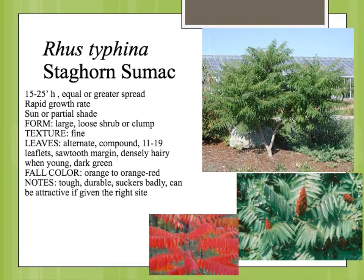Rhus typhina is staghorn sumac. This is another one of the sumacs with that very similar kind of upright, small tree type form. This grows fast. It's kind of a loose shape, a little bit of a fine texture. The leaves are the pinnately compound leaf, very similar to the smooth sumac and the winged sumac. Similar flower, dioecious, similar sort of cone-shaped seed structure, and a very, very brilliant fall color.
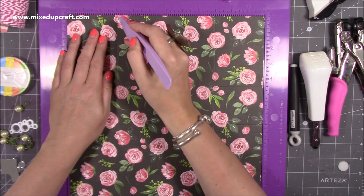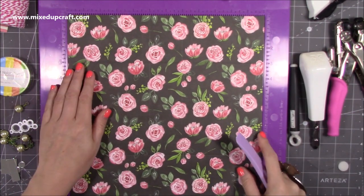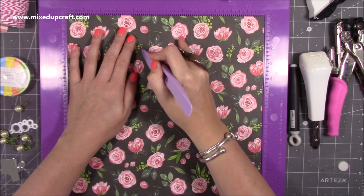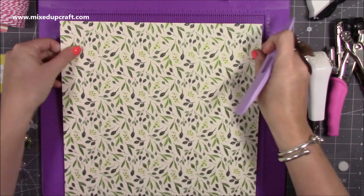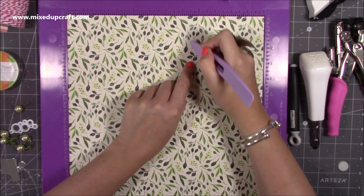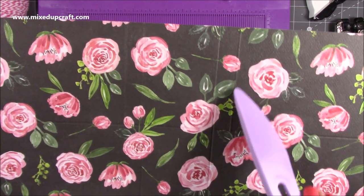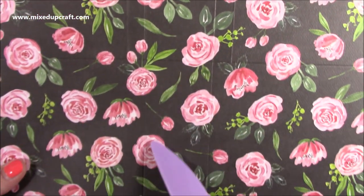Along the 12-inch side, score at three and nine. Then rotate and score at five and seven. I also want to score at four and a half, but just down to the first score line, and at seven and a half down to the first score line. Then flip and do again — four and a half down to the first score line, and seven and a half down to the first score line. You can see there's that four and a half and the seven and a half just down to this score line, whereas the other score lines go all the way down.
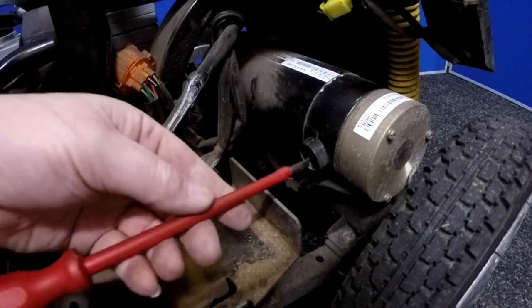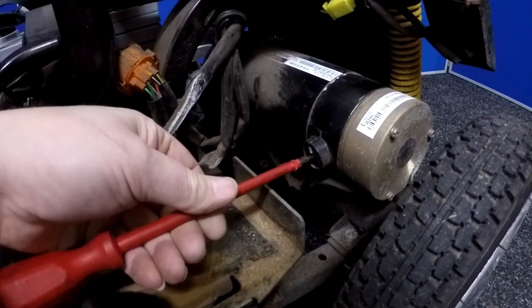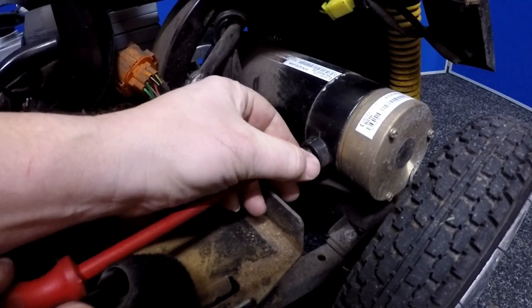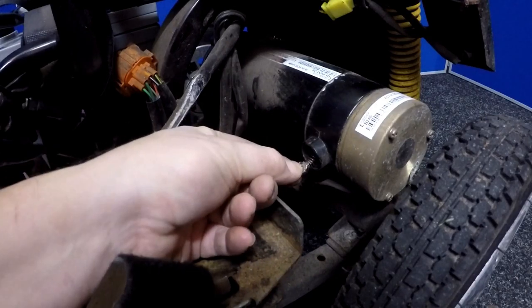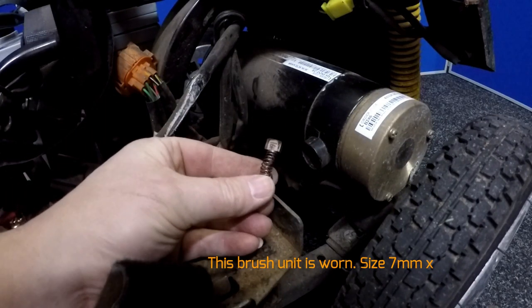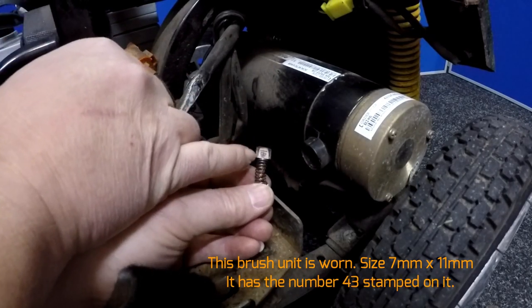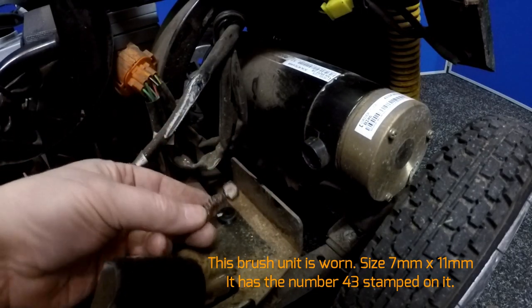So I'll just remove the dust cover here — oh, it's tight. Let's have a look and see what's happening here. I think we can see that this brush unit — it's a 43 — is well worn and there's also kind of burn marks on here. So that's a worn brush unit.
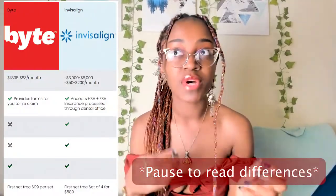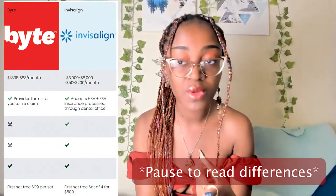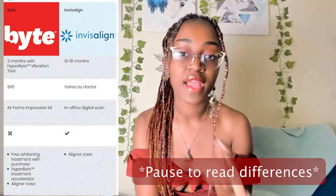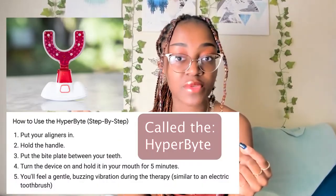But this is a legit company brand that specializes in 3D printing aligners, similar to Invisalign, but in comparison to Invisalign it is a lot cheaper and a lot faster because it has a certain device that I use every single night that speeds up the process by about twice as much. So let's get into this video.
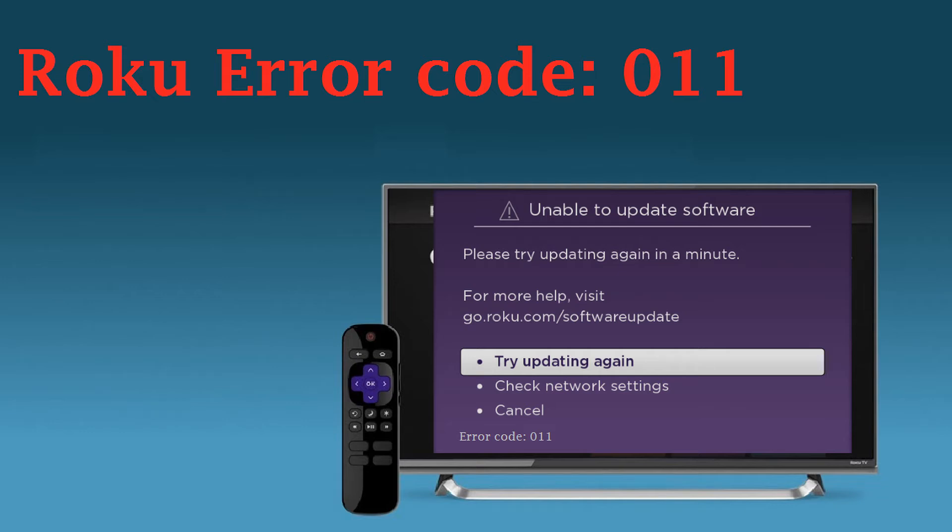During the initial setup process, your Roku device automatically downloads and installs the latest software. During this process, you may experience the error message 'Cannot connect to Roku' with error code 011. This indicates the software update has failed because your Roku device is unable to connect to the Roku software update server. This guide will provide some troubleshooting steps that may resolve this issue.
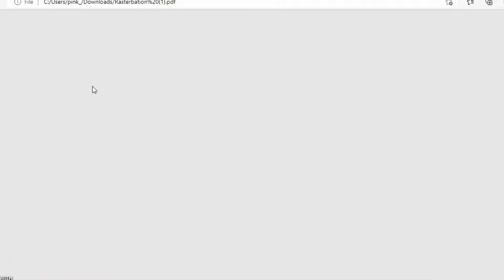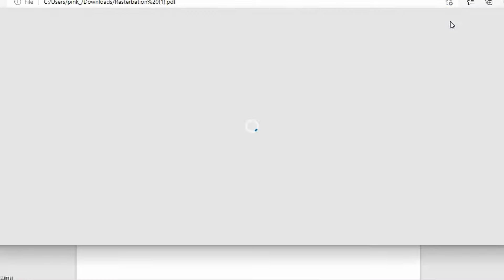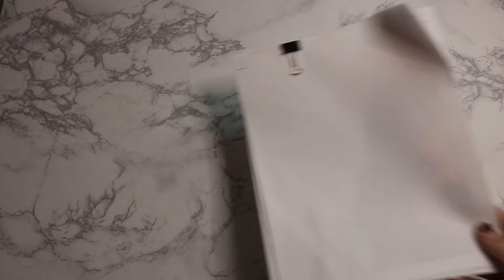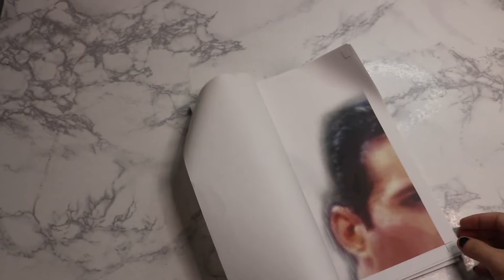He is going to be a little bit blurry because I just took a picture off the internet, but I think it's still going to turn out super cool. You can see all of these sheets — I'm pretty excited. Now that we have this ready, it's time to print. Make sure when you're printing that you are printing at 100% and not scaling it down to fit — you want it to print the exact size it's saved.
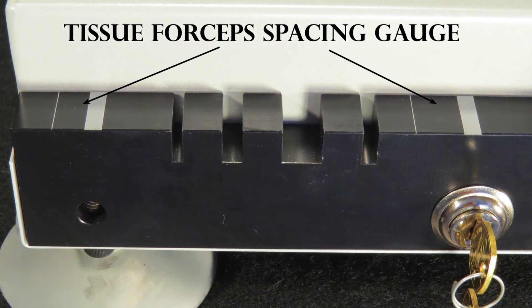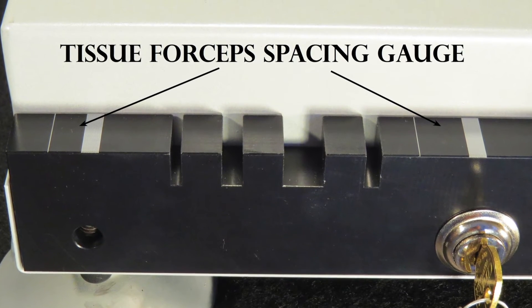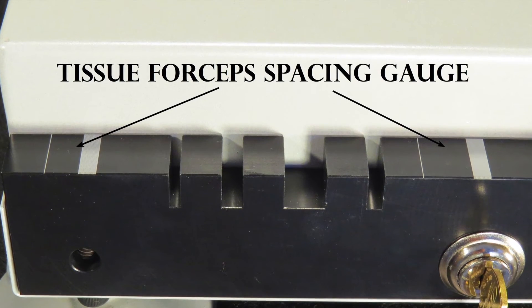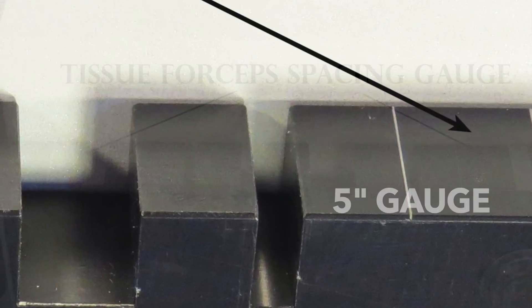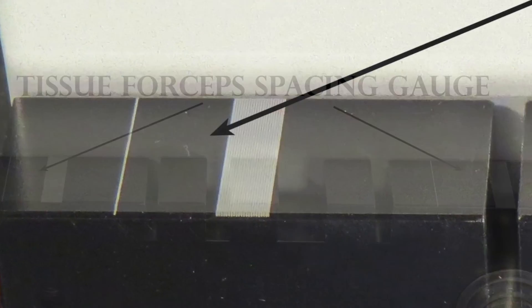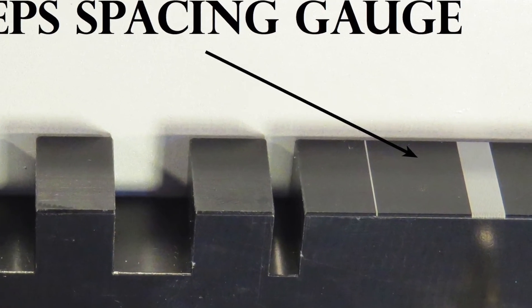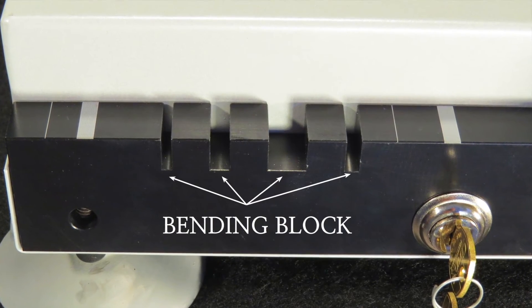Tissue Forceps Tip Spacing Gauge: These two gauges are used to quickly check the spacing between the teeth of tissue forceps with the instrument fully open. Note the position of the 5-inch mark on the top of the bending block. Tissue forceps that are 5 inches and shorter are to be measured on the left gauge. Tissue forceps longer than 5 inches are to be measured on the right gauge.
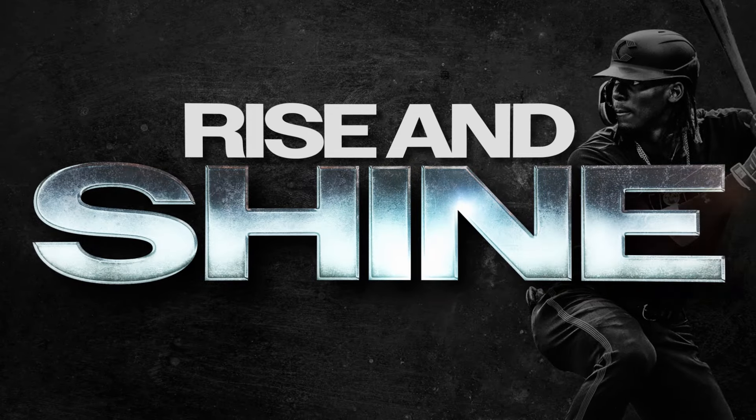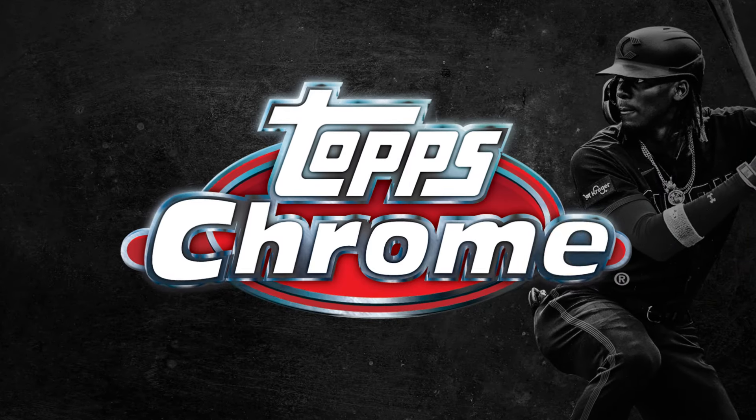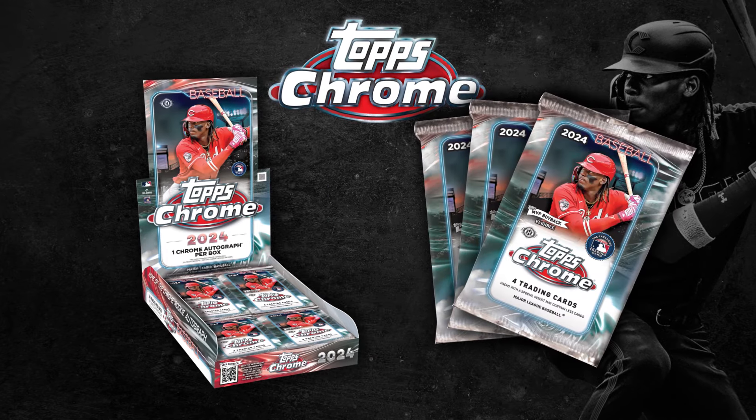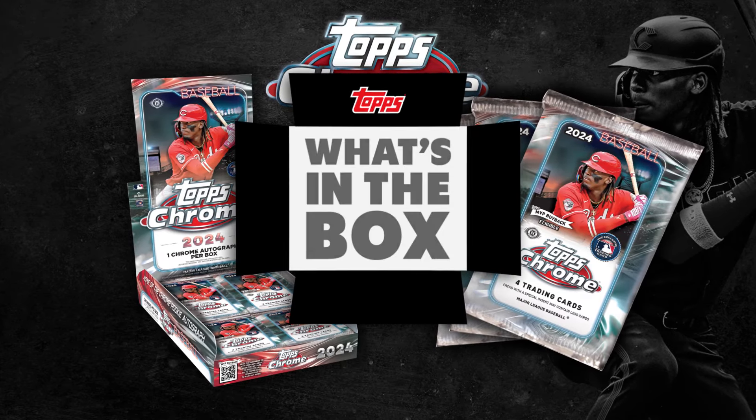Rise and shine! Topps Chrome Baseball is back in full swing with another stacked class of rookies and on-card autographs. So let's see what's in the box.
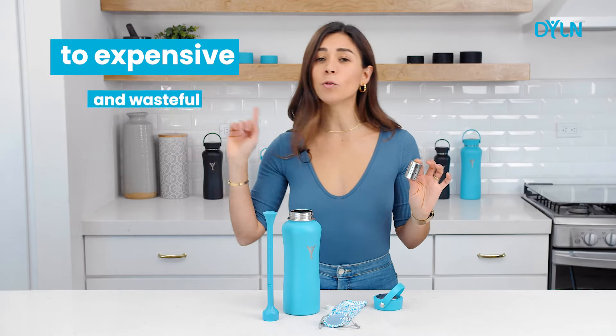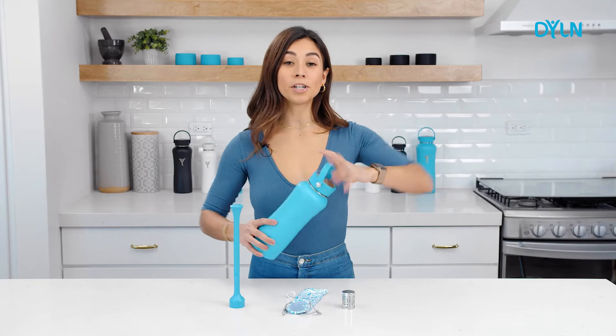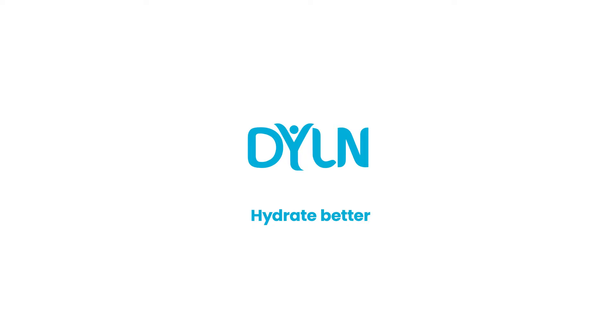Say goodbye to expensive and wasteful alkaline water and say hello to affordable Dylan. So if you like alkaline water as much as I do, I suggest you get one of these. Be smart, hydrate better with a Dylan. Shop now at dylan.co.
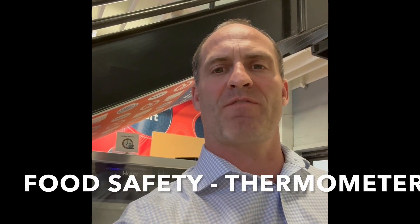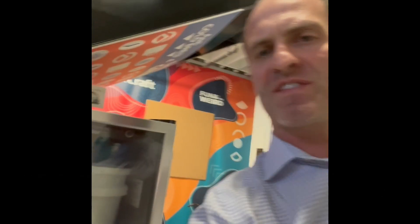Hey everyone. We store cream in this little fridge, which is perishable. A friend who came in that runs food service, runs restaurants, said that we really should have a thermometer in there so you can visually know if maybe the fridge crapped out or if it wasn't cold enough.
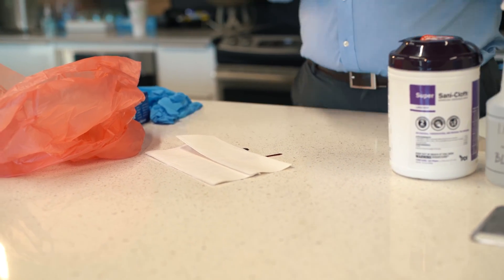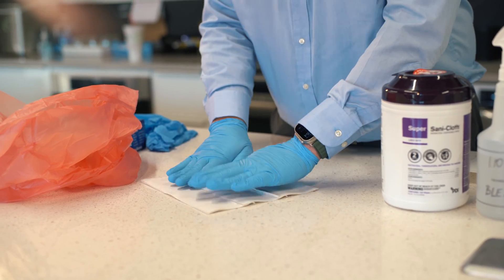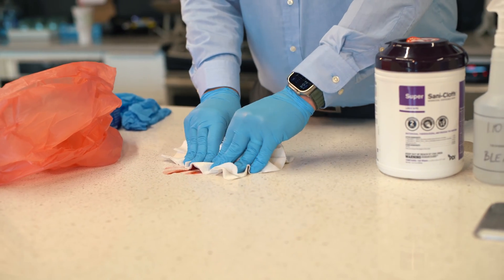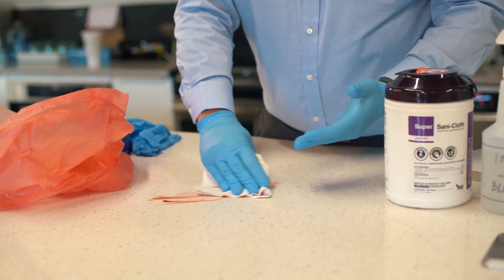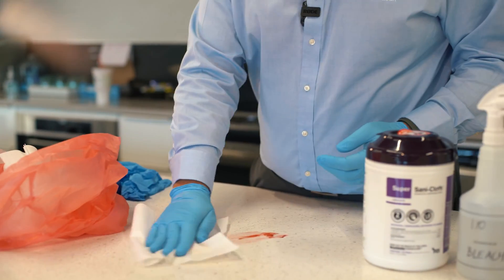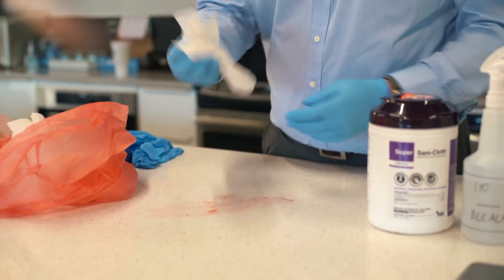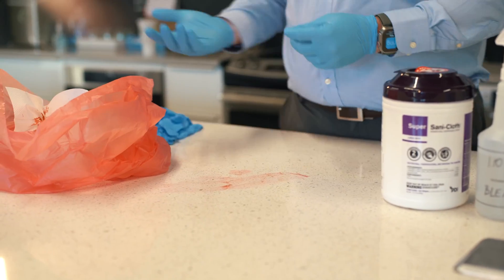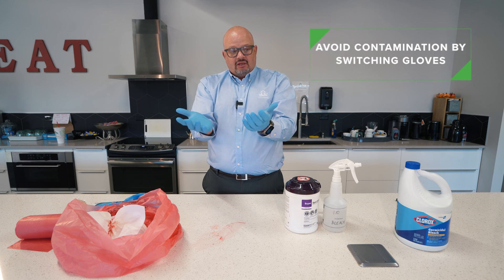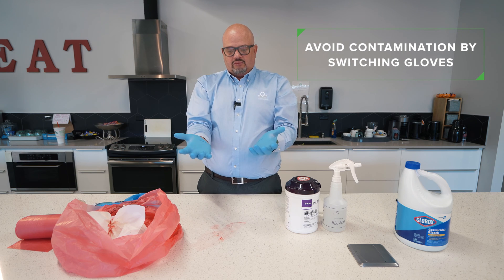With my gloves on, I'm going to use paper towels to soak up as much of the blood as possible. Then I'm going to take these gloves off — I don't want to grab the clean disinfectant bottle with possible contamination on my hands.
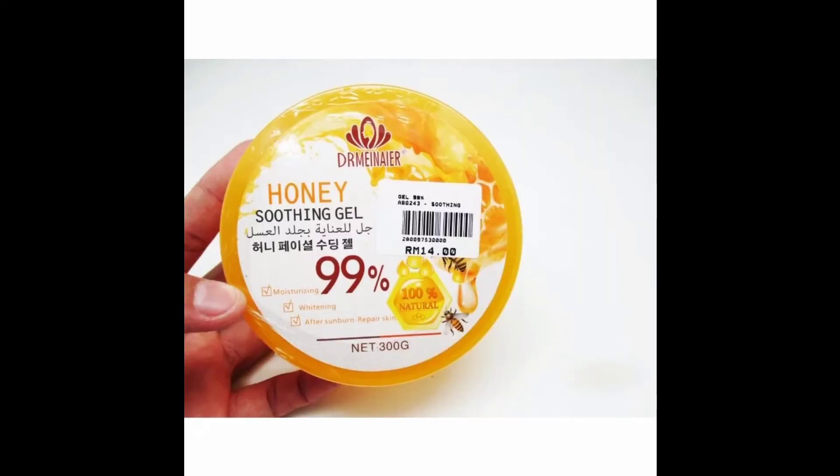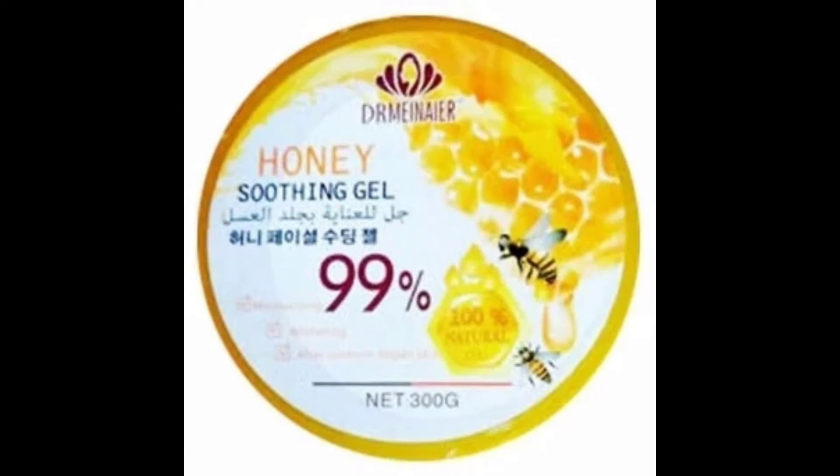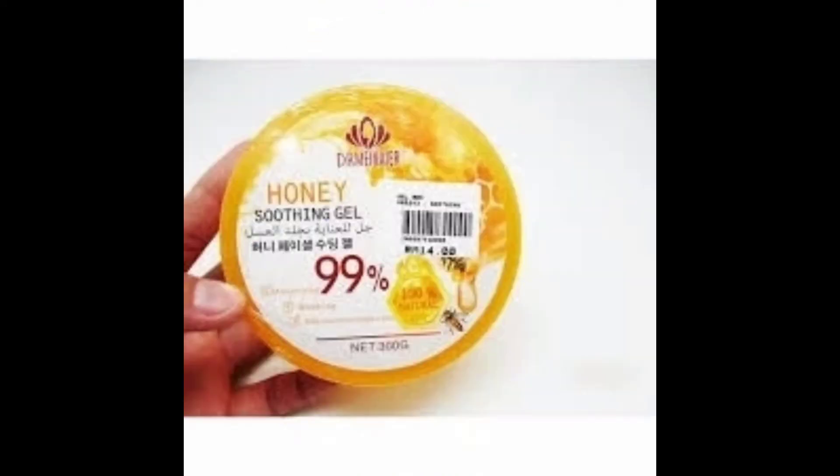You should use moisturizer or something similar. With sensitive skin, this is how you should use the soothing gel base. You should also use it with laser treatment to soften the skin. This is how I've tried to treat the soothing gel before.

Work instructions: A faithful copy of the entries above is needed, one that contains no images.

Reply to the exercise:
Rhus typhina is staghorn sumac. This is another one of the sumacs with that very similar kind of upright, small tree type form. This grows fast. It's kind of a loose shape, a little bit of a fine texture. The leaves are the pinnately compound leaf, very similar to the smooth sumac and the winged sumac. Similar flower, dioecious, similar sort of cone-shaped seed structure, and a very, very brilliant fall color.
Along the 12-inch side, score at three and nine. Then rotate and score at five and seven. I also want to score at four and a half, but just down to the first score line, and at seven and a half down to the first score line. Then flip and do again — four and a half down to the first score line, and seven and a half down to the first score line. You can see there's that four and a half and the seven and a half just down to this score line, whereas the other score lines go all the way down.
So I'll just remove the dust cover here — oh, it's tight. Let's have a look and see what's happening here. I think we can see that this brush unit — it's a 43 — is well worn and there's also kind of burn marks on here. So that's a worn brush unit.
But this is a legit company brand that specializes in 3D printing aligners, similar to Invisalign, but in comparison to Invisalign it is a lot cheaper and a lot faster because it has a certain device that I use every single night that speeds up the process by about twice as much. So let's get into this video.
During the initial setup process, your Roku device automatically downloads and installs the latest software. During this process, you may experience the error message 'Cannot connect to Roku' with error code 011. This indicates the software update has failed because your Roku device is unable to connect to the Roku software update server. This guide will provide some troubleshooting steps that may resolve this issue.
He is going to be a little bit blurry because I just took a picture off the internet, but I think it's still going to turn out super cool. You can see all of these sheets — I'm pretty excited. Now that we have this ready, it's time to print. Make sure when you're printing that you are printing at 100% and not scaling it down to fit — you want it to print the exact size it's saved.
Tissue Forceps Tip Spacing Gauge: These two gauges are used to quickly check the spacing between the teeth of tissue forceps with the instrument fully open. Note the position of the 5-inch mark on the top of the bending block. Tissue forceps that are 5 inches and shorter are to be measured on the left gauge. Tissue forceps longer than 5 inches are to be measured on the right gauge.
Rise and shine! Topps Chrome Baseball is back in full swing with another stacked class of rookies and on-card autographs. So let's see what's in the box.
Say goodbye to expensive and wasteful alkaline water and say hello to affordable Dylan. So if you like alkaline water as much as I do, I suggest you get one of these. Be smart, hydrate better with a Dylan. Shop now at dylan.co.
Hey everyone. We store cream in this little fridge, which is perishable. A friend who came in that runs food service, runs restaurants, said that we really should have a thermometer in there so you can visually know if maybe the fridge crapped out or if it wasn't cold enough.
With my gloves on, I'm going to use paper towels to soak up as much of the blood as possible. Then I'm going to take these gloves off — I don't want to grab the clean disinfectant bottle with possible contamination on my hands.
You should use moisturizer or something similar. With sensitive skin, this is how you should use the soothing gel base. You should also use it with laser treatment to soften the skin. This is how I've tried to treat the soothing gel before.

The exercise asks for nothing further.